## Exercise
Go through the listing below and retype exactly the lines starting at the one with "Puzzle - A3 - 400x300mm - 300 dílků" and ending at the one with "rękawiczki Toscanio", skipping pictures.

## Provided material
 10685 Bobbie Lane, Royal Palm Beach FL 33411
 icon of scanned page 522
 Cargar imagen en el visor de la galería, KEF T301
==
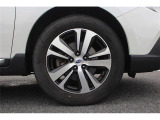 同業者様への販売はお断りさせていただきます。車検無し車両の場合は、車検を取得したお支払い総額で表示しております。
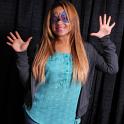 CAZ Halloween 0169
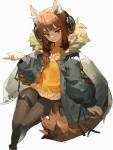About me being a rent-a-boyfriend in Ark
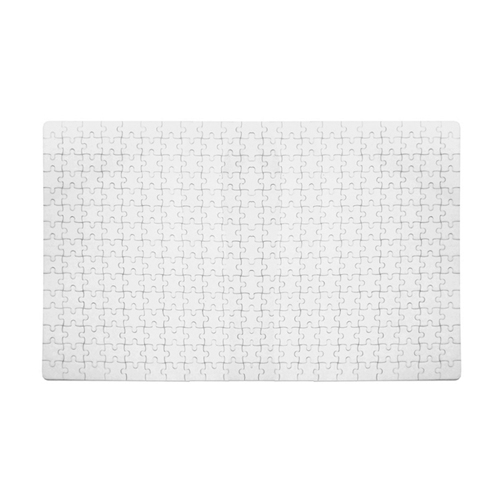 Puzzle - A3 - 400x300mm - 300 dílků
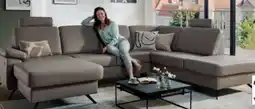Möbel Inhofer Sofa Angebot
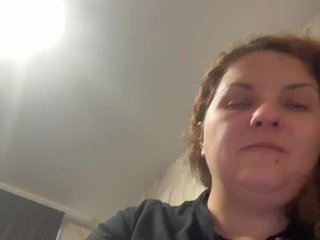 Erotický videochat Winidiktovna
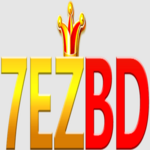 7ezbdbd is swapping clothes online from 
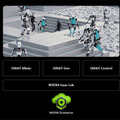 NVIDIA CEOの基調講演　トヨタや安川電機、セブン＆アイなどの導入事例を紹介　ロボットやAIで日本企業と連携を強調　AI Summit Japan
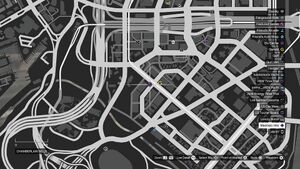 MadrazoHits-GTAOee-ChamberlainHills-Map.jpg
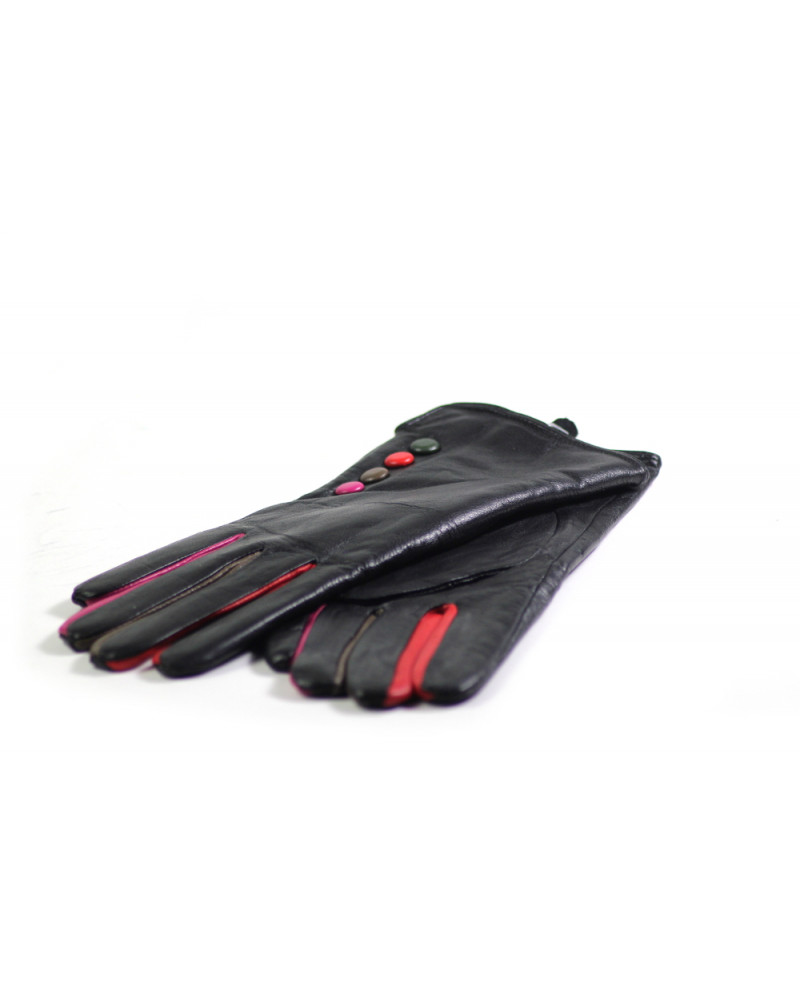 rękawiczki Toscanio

## Finished exercise
 Puzzle - A3 - 400x300mm - 300 dílků
Möbel Inhofer Sofa Angebot
 Erotický videochat Winidiktovna
 7ezbdbd is swapping clothes online from 
 NVIDIA CEOの基調講演　トヨタや安川電機、セブン＆アイなどの導入事例を紹介　ロボットやAIで日本企業と連携を強調　AI Summit Japan
 MadrazoHits-GTAOee-ChamberlainHills-Map.jpg
 rękawiczki Toscanio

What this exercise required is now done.